New Jersey needs a long-term commitment and strategy to address the production of affordable homes. While the AHPF provides a good model for how dedicated financing can accelerate development, there is still more that needs to be done to ensure low-income New Jerseyans and Black and Brown communities have access to affordable homes.
One solution could be to utilize a steady funding stream to subsidize affordable housing development. We support strategically investing a portion of realized cannabis tax revenue in the creation and preservation of affordable homes in historically redlined communities of color—the same communities that were targeted and most harmed during the War on Drugs. Now that cannabis is legalized, it is only fair that state revenue be invested back into Black and Brown communities that were disinvested in for decades. Cannabis tax revenue could also be used to create a first-generation homeowner’s program that would provide an opportunity for those communities most harmed by cannabis prohibition to have the opportunity to purchase homes in areas where home values are increasing rather than depreciating.
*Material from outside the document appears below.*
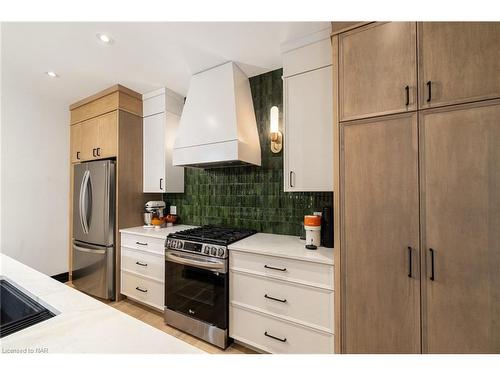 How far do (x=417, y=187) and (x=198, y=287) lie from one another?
5.61ft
Second, as laid out in Fair Share’s September 2022 report, Untapped Resources: How New Jersey Can Leverage State Financing and Land for Affordable Housing, the state should make an effort to fully enforce the Fair Housing Act. Amendments made to the Fair Housing Act in 2008 require at least 20 percent of residential units financed with state funds or developed on state owned land be reserved for low- and moderate income households. The work to pass this amendment has been done, and its enforcement would guarantee affordable home construction when housing is built with state money and on state owned land. We provide four major recommendations in our report, including a recommendation that the Governor’s Office issue guidance and direct state agencies to adopt rules that require 20 percent set-asides in state subsidized projects. In fact, the Economic Development Authority (EDA) is already doing so, having issued proposed rules for the 14 billion dollar Aspire program to construct housing with a 20 percent affordable set aside. The proposed rules include a requirement that the income and bedroom distributions for the affordable units in the projects comply with the Uniform Housing Affordability Controls, too.
In addition to new development opportunities, it’s imperative that we also protect existing affordable housing. As of December 2022, 515 public housing buildings in New Jersey have one or more health and safety deficiencies according to HUD’s most recent physical inspection report. Of those buildings, 276 have one or more critical, life-threatening issues. New Jersey would need to invest more than $2 billion to rehabilitate these buildings. The EDA’s Aspire program is another funding stream that could be leveraged to rehabilitate these buildings.
New Jersey is in the midst of a housing crisis. Increased housing needs due to population growth, combined with rising rents and for sale prices, have created a dire situation for many low-income families and communities of color in our state. Increasing the affordable housing stock, through both the production of new affordable homes and preservation of existing ones, is an essential policy solution that New Jersey must prioritize now.